Fed.R.Civ.P. 15 is made applicable in this adversary proceeding pursuant to Fed.R.Bankr.P. 7015. It was recently amended, effective December 1, 2009. This adversary proceeding was filed after the effective date of the amendments.
The Advisory Committee Notes for the 2009 Amendments explain that "the right to amend once as a matter of course is no longer terminated by the service of a responsive pleading. The responsive pleading may point out issues that the original pleader had not considered and persuade the pleader that amendment is wise. Just as amendment was permitted by former Rule 15(a) in response to a motion, so the amended rule permits one amendment as a matter of course in response to a responsive pleading. The right is subject to the same 21-day limit as the right to amend in response to a motion."
Doc. 5.
Whether the Trustee has the right to amend her pleading in this case is not the central issue in dispute, however. The issue is the effective date of that filing. The deadline for initiating an adversary proceeding seeking to avoid and recover a preferential transfer is, at the latest, two years from the date the order for relief is entered in the underlying bankruptcy proceeding.

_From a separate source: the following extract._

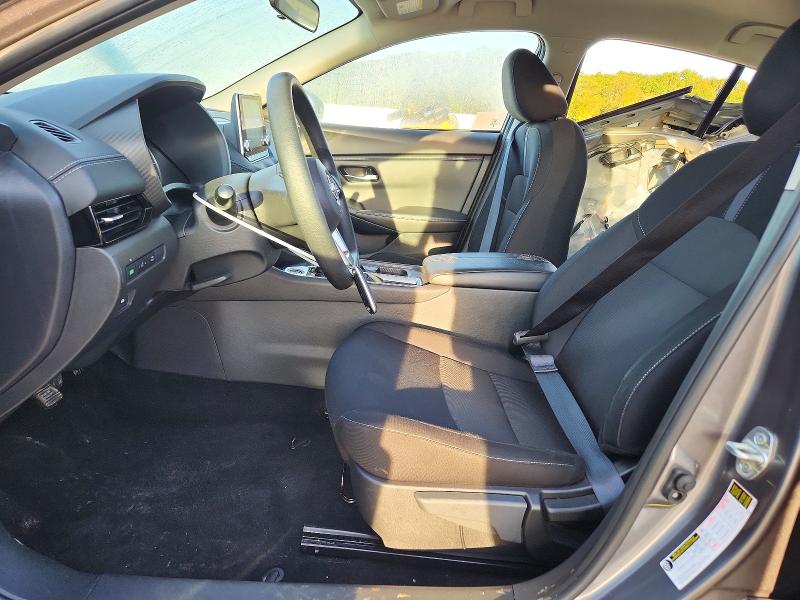 Снимка 7 от търг – 2025 NISSAN SENTRA с VIN 3N1AB8CV9SY381914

The order for relief in the underlying bankruptcy proceeding was filed on December 6, 2007. Therefore, because the preference claim was not filed prior to December 6, 2009, the Trustee can only bring the claim if the Court finds that the amended complaint relates back to the date of the original complaint, which was December 3, 2009.
Rule 15(c)(1) provides that an amendment to a pleading "relates back to the date of the original pleading" if the claims in the amended pleading "arose out of the conduct, transaction, or occurrence set forth . . . in the original pleading." The test for relation back of an amended pleading is whether "the original pleading gives fair notice of the general fact situation out of which the claim or defense arises. . . ." An amended pleading will relate back "if it asserts new legal theories based on thesame series of transactions or occurrences. Conversely, the amended complaint will not relate back if it is based on new facts and different transactions."
In re Daviscourt, 353 B.R. 674, 683 (10th Cir. BAP 2006).
In re Corley, 2007 WL 2790674, 3 (Bankr. D.N.M. 2007) (emphasis added).
There is no question the Trustee's amended claim, a copy of which was properly attached to her motion pursuant to D. Kan. Rule 15.1, arises out of the same transaction contained in the original complaint. The Trustee's original claim sought to recover from Defendant a transfer made by Debtor within 90 days of the filing of the bankruptcy. The amended claim seeks to recover that exact transfer, only under the theory that the transfer was preferential rather than fraudulent.
Furthermore, Defendant was clearly given notice prior to the filing of the original complaint that this transaction was being called into question by the Trustee. In fact, based upon the Trustee's reply brief, it is apparent that Debtor (or at least Debtor's counsel) knew that the Trustee believed this transfer to be avoidable as a preference under § 547. Why the Trustee originally proceeded on the theory of a fraudulent transfer under § 548 is immaterial.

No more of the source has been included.